Terras raras são 17 elementos químicos de difícil extração e refino. Alguns são importantes para a indústria de ímãs para veículos elétricos, energia renovável e sistemas de defesa.
Também está previsto um contrato de compra antecipada da produção que está programada para ocorrer no futuro. Nos próximos 15 anos, toda a extração da primeira fase da mina Pela Ema, na cidade de Minaçu (GO), será vendida a uma empresa de propósito específico capitalizada pelo governo dos EUA.
Para Grossi, o acordo dá à companhia a previsibilidade comercial e “uma base sólida de receitas, reduz o risco ao longo do ciclo”.
A meta inicial é atingir produção de cerca de 6.400 toneladas de óxidos de terras raras até o fim de 2027. Ainda se avalia a possibilidade de uma expansão para dobrar a capacidade da mina.
Grossi também afirmou que a equipe brasileira manterá papel na operação após a aquisição.
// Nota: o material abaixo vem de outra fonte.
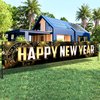 KatchOn, Happy New Year Banner 2025 - Big - 120X20 Inch | Happy New Year Yard Sign for New Years Decorations 2025 | Happy New Year Decorations 2025, NYE Decorations | New Years Eve Party Supplies 2025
O trabalho na mina em Minaçu continuará a ser liderada localmente, com foco no ramp-up (aumento gradual da produção), segundo ele.
Como toda a produção da fase inicial já está comprometida com o contrato de longo prazo, uma eventual demanda brasileira pelo material não poderia ser atendida por ora. Grossi reconheceu a limitação, mas sinalizou que o cenário deve mudar: “À medida que a empresa evoluir, incluindo com uma potencial expansão futura, as possibilidades de atender diferentes mercados e clientes também irão, naturalmente, se ampliar”.
O executivo também descartou a necessidade de aprovação do governo brasileiro para o contrato. “Acordos de offtake (compra garantida) são muito comuns e fazem parte normal de muitas indústrias, incluindo a mineração e a agricultura”, afirmou.
OPERAÇÕES PASSADAS
Em fevereiro deste ano, a Serra Verde anunciou que um banco estatal dos Estados Unidos aumentou para US$ 565 milhões o financiamento concedido à empresa. Com isso, o governo americano passou a ter o direito de adquirir uma participação acionária minoritária na mineradora.
Em novembro de 2025, a companhia já havia anunciado que o DFC (Development Finance Corporation) tinha se comprometido a aportar US$ 465 milhões na empresa.
RAIO-X | Serra Verde e USA Rare Earth
Serra Verde
Fundação: 2010
Origem: Minaçu (GO)
Atuação: extração e processamento de terras raras no depósito Pela Ema, com foco em neodímio, praseodímio, térbio, disprósio e ítrio
Receita: Não divulga dados abertos, mas projeta um Ebitda (lucros antes de juros, impostos, depreciação e amortização) anualizado entre US$ 550 milhões a US$ 650 milhões até 2027
Prejuízo: Não divulga dados abertos
Investimentos totais: US$ 1,1 bilhão desde a fundação
USA Rare Earth
Fundação: 2019
Origem: Stillwater (Oklahoma, EUA)
Atuação: Mineração, separação, metalização e fabricação de ímãs permanentes; opera na jazida de Round Top Mountain, no oeste do Texas, depósito de granito rico em gálio, berílio e lítio
Receita: US$ 1,6 milhão em 2025
Prejuízo: US$ 59,5 milhões em 2025
Investimentos totais: em fase de pré-produção, recebeu US$ 40,5 milhões entre 2024 e 2025 (sem registro de anos anteriores)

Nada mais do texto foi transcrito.